Power management is part of the Linux kernel; that is why we cannot use a Docker container to work with it. Docker virtualization is lightweight and uses the kernel of the host operating system.
We cannot use the real Raspberry Pi board either, because it does not provide any sleep modes at all because of hardware limitations. QEMU, however, provides full virtualization, including power management in the kernel we use to emulate Raspberry Pi.
Linux provides access to its power management functions through the sysfs interface. Applications can read and write text files in the /sys/power directory. Access to power-management functions is limited for the root user; that is why we need to get the root shell once we log into the system:
$ sudo bash
Now we can get the list of supported sleep modes. To do this, we read the /sys/power/state file:
$ cat /sys/power/state
The file consists of a single line of text. Each word represents a sleep mode that is supported, with the modes separated by spaces. We can see that the QEMU kernel supports two modes: freeze and mem:
Freeze represents the S2I state we discussed in the preceding section. The meaning of mem is defined by the content of the /sys/power/mem_sleep file. In our system, it contains only [s2idle], representing the same S2I state as freeze.

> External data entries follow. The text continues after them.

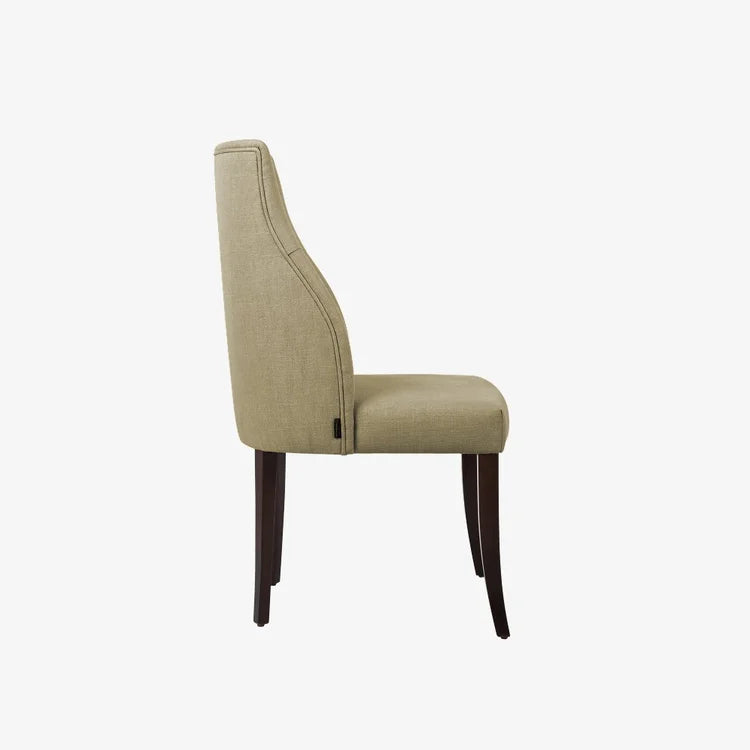 Elle Chair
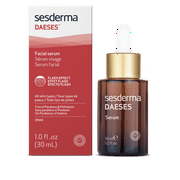 Sesderma Daeses Liposomal Serum 1.0 fl. oz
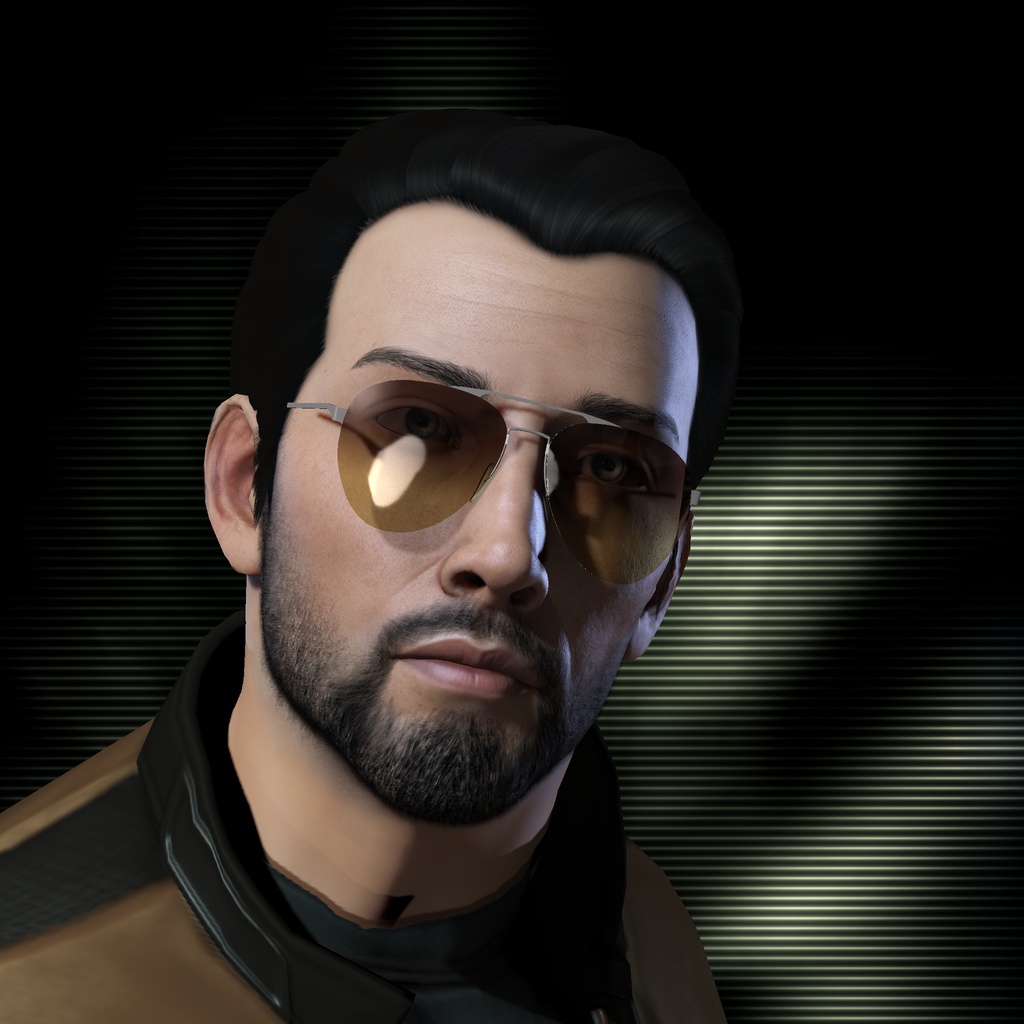 Rothgar Bererund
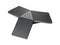 HP Poly Table Microphone X50/X52/X70 USB  875M6AA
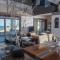 Relux Suite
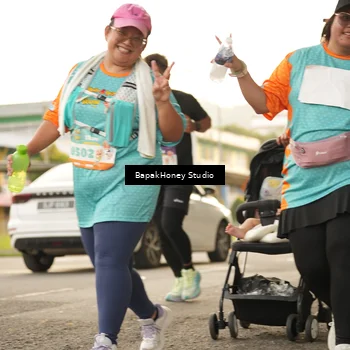 Runner Photo 8274230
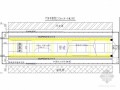[广东]市政管道深基坑钢板桩加两道内支撑支护施工方案（附基坑支护计算书）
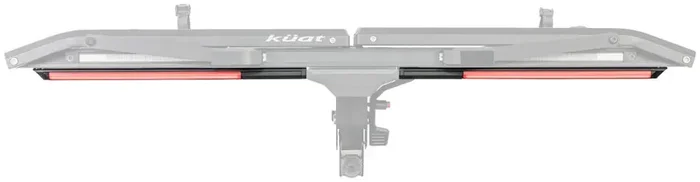 Kuat Piston ION eBike Rack Light Kit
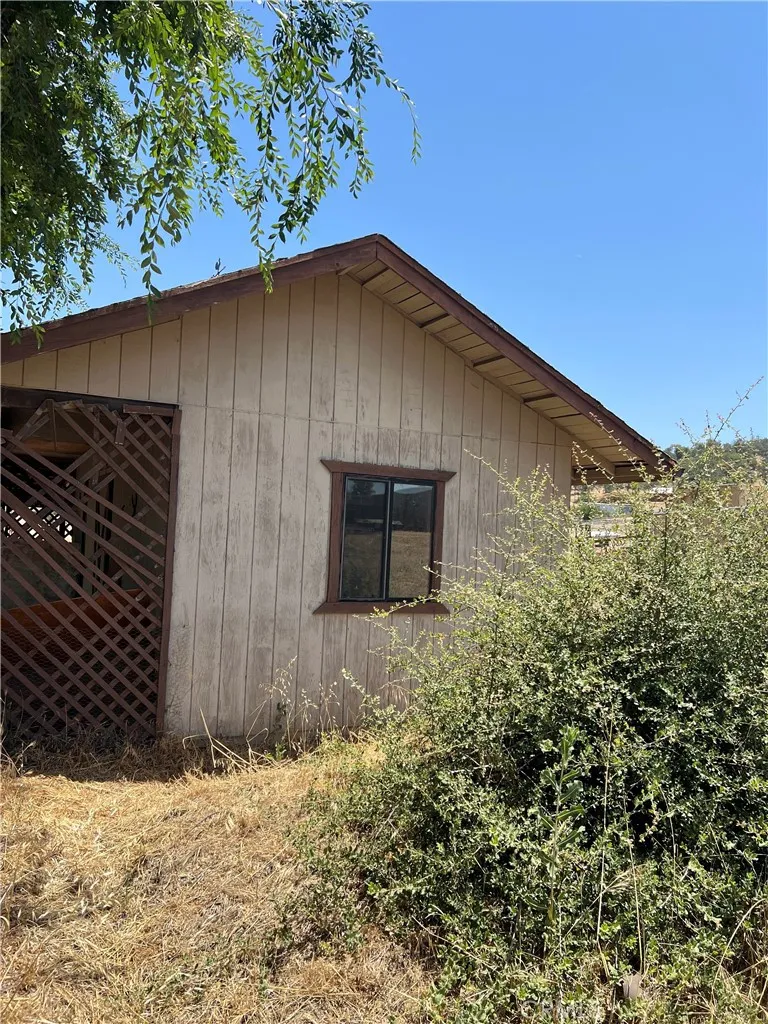 32644 Quail Squaw Valley, CA 93675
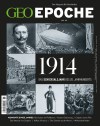 65_GEOepoche-1914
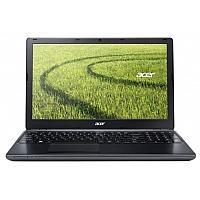 Ремонт Acer ASPIRE E1-572G-74504G1TDn в Москве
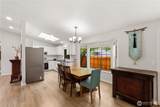 3835 Blue Finch Court - Photo 8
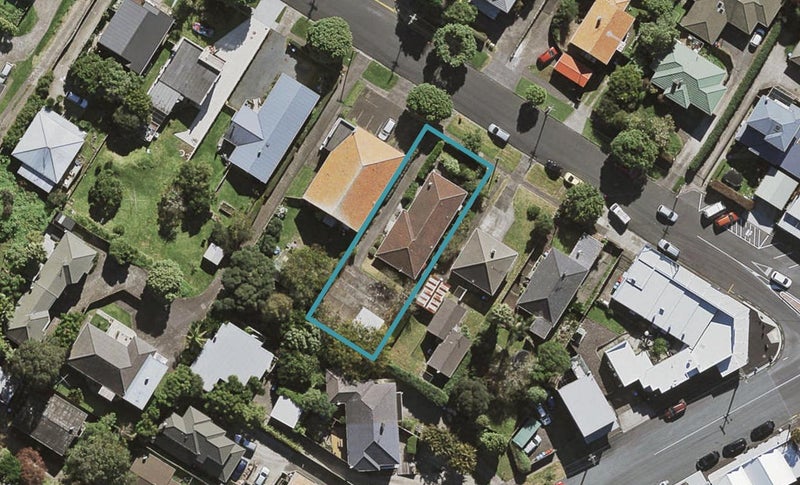 1/8 Rawhiti Road, Onehunga, Auckland - Carousel 1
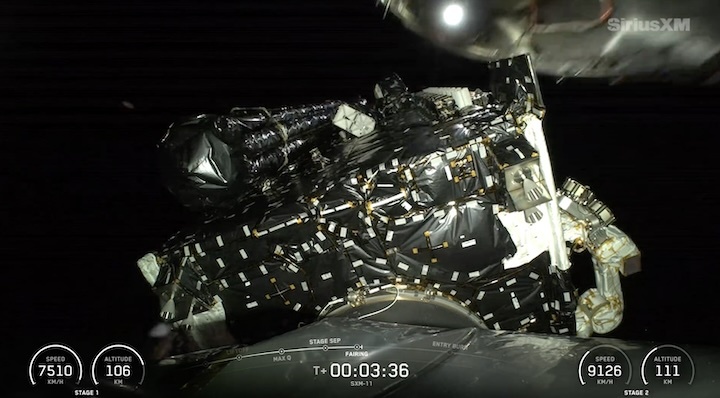 spacex-falcon9-smx-11-mission-ala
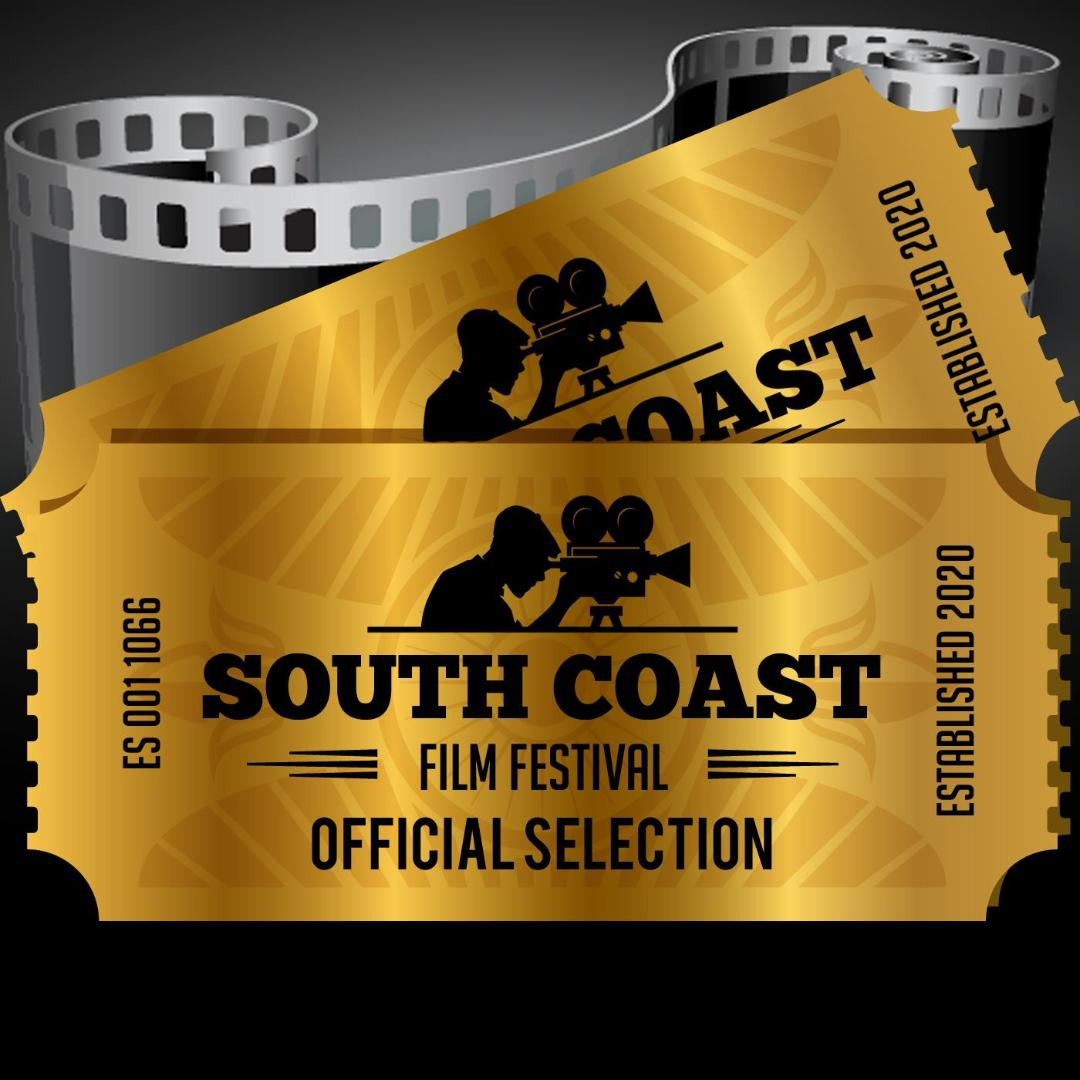 Tinderbox2020's tweet photo. Amazing news! "TINDERBOX" was just selected by South Coast Film Festival via https://t.co/0A3XkDqnPp! #BLMUK #SupportIndieFilm #FilmFestival #Tinder
- https://t.co/Zhvp1asSR4 https://t.co/rx1fbXixUI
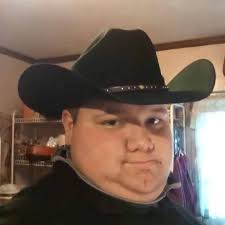 Job opportunities in Trimble County?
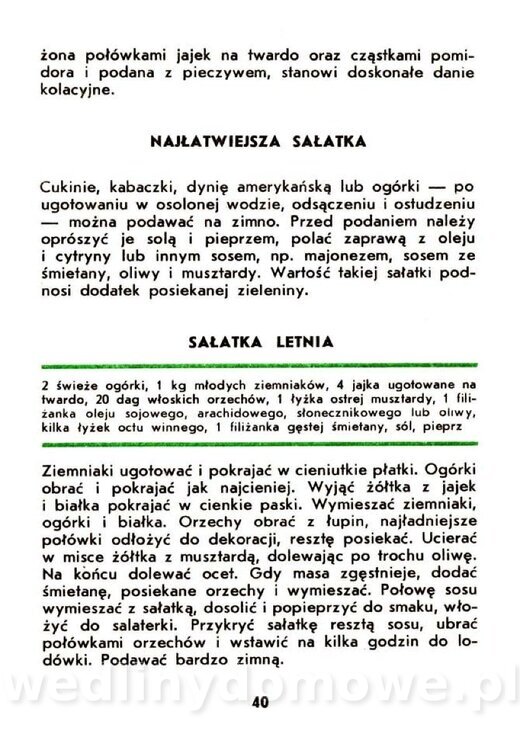 Warzywa dyniowate-Strzelecka-1985_041.jpg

Let's switch our emulator to freeze mode. We write the word freeze to /sys/power/state, and immediately the QEMU window turns black and frozen:
We were able to put the emulated Linux system to sleep, but cannot wake it up—there are no sources of interrupts that it can understand. We learned about different sleep modes and the kernel API to work with them. Based on the requirements of your embedded system, you can use these modes to reduce power consumption.